» Task description: Determine how many lines in the records hold the word "Farmhouse". Return the number alone.

» Stored data:
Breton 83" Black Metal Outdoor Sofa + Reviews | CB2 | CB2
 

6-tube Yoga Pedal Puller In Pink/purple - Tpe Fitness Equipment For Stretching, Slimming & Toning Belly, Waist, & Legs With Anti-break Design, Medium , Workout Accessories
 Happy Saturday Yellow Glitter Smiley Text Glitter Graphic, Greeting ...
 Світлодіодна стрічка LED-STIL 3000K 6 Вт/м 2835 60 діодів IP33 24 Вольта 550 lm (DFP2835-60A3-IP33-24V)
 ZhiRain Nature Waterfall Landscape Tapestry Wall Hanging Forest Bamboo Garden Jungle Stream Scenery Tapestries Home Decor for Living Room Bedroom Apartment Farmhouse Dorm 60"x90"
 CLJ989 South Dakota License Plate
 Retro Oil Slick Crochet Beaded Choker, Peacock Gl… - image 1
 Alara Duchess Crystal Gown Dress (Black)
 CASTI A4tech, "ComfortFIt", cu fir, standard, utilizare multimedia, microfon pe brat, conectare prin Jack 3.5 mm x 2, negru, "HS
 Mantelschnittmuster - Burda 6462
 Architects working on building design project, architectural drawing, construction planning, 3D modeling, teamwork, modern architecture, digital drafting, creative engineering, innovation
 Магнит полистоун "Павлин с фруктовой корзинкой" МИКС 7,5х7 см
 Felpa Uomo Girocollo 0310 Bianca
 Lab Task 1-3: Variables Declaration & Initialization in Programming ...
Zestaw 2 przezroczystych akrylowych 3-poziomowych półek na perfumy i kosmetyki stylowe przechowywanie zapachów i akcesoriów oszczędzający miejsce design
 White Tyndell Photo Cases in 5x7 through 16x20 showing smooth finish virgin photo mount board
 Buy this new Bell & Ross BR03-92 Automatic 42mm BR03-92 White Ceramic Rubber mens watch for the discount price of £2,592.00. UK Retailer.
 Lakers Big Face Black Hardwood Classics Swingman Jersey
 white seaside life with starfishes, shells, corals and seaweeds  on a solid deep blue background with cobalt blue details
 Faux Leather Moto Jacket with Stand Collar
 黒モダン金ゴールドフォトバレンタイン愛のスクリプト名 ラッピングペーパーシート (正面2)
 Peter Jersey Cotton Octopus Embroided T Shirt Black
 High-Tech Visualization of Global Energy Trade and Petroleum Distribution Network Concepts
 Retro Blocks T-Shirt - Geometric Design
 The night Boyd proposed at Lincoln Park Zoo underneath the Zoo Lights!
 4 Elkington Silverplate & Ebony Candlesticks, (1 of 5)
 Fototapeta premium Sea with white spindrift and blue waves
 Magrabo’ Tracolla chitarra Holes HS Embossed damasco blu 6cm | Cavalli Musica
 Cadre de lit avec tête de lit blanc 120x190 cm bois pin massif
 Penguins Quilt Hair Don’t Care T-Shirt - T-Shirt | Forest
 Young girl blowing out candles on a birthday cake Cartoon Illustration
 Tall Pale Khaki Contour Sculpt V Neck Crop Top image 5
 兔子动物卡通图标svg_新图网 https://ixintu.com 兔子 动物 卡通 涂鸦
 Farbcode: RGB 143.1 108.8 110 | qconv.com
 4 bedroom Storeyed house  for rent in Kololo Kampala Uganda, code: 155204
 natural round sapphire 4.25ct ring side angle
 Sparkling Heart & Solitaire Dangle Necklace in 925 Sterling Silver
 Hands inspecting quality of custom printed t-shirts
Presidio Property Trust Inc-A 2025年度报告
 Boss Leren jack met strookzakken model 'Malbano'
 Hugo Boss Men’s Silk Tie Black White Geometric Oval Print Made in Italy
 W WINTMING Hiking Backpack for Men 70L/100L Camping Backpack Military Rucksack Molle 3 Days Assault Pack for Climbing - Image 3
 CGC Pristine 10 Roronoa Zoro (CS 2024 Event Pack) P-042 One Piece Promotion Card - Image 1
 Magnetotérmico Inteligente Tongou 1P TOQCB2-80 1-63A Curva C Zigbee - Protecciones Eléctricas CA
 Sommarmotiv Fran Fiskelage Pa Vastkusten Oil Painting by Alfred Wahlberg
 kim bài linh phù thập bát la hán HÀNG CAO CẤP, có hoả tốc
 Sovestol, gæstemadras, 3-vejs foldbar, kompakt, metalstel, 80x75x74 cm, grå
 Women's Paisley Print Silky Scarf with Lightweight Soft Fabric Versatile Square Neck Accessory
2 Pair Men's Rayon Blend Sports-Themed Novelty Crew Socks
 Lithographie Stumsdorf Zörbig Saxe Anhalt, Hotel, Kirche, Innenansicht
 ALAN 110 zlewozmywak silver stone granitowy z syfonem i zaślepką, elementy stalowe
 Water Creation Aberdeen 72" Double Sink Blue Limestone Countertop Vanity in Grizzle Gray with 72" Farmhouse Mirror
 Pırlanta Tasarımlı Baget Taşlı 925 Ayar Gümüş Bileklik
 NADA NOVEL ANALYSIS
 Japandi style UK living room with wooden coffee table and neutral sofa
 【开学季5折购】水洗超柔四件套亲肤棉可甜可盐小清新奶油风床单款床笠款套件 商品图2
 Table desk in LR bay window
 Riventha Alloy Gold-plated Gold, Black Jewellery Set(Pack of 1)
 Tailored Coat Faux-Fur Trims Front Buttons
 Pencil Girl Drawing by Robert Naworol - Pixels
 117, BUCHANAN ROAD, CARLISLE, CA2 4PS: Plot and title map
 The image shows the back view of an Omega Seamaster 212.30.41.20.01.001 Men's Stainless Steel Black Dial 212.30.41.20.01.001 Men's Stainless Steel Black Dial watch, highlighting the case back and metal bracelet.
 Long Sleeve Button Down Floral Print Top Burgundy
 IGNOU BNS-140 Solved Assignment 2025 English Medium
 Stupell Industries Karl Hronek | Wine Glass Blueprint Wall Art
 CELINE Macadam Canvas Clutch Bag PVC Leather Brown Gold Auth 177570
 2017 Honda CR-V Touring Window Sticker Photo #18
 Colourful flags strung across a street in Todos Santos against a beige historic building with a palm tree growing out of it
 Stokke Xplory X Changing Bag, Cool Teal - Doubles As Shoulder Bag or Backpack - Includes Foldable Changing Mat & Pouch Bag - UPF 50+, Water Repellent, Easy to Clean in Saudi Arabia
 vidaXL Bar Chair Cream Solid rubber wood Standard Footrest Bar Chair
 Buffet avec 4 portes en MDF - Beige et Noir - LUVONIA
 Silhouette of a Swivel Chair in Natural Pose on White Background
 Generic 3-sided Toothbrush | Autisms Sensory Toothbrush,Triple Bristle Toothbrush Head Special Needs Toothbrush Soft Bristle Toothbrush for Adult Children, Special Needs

» Output of the exercise: 2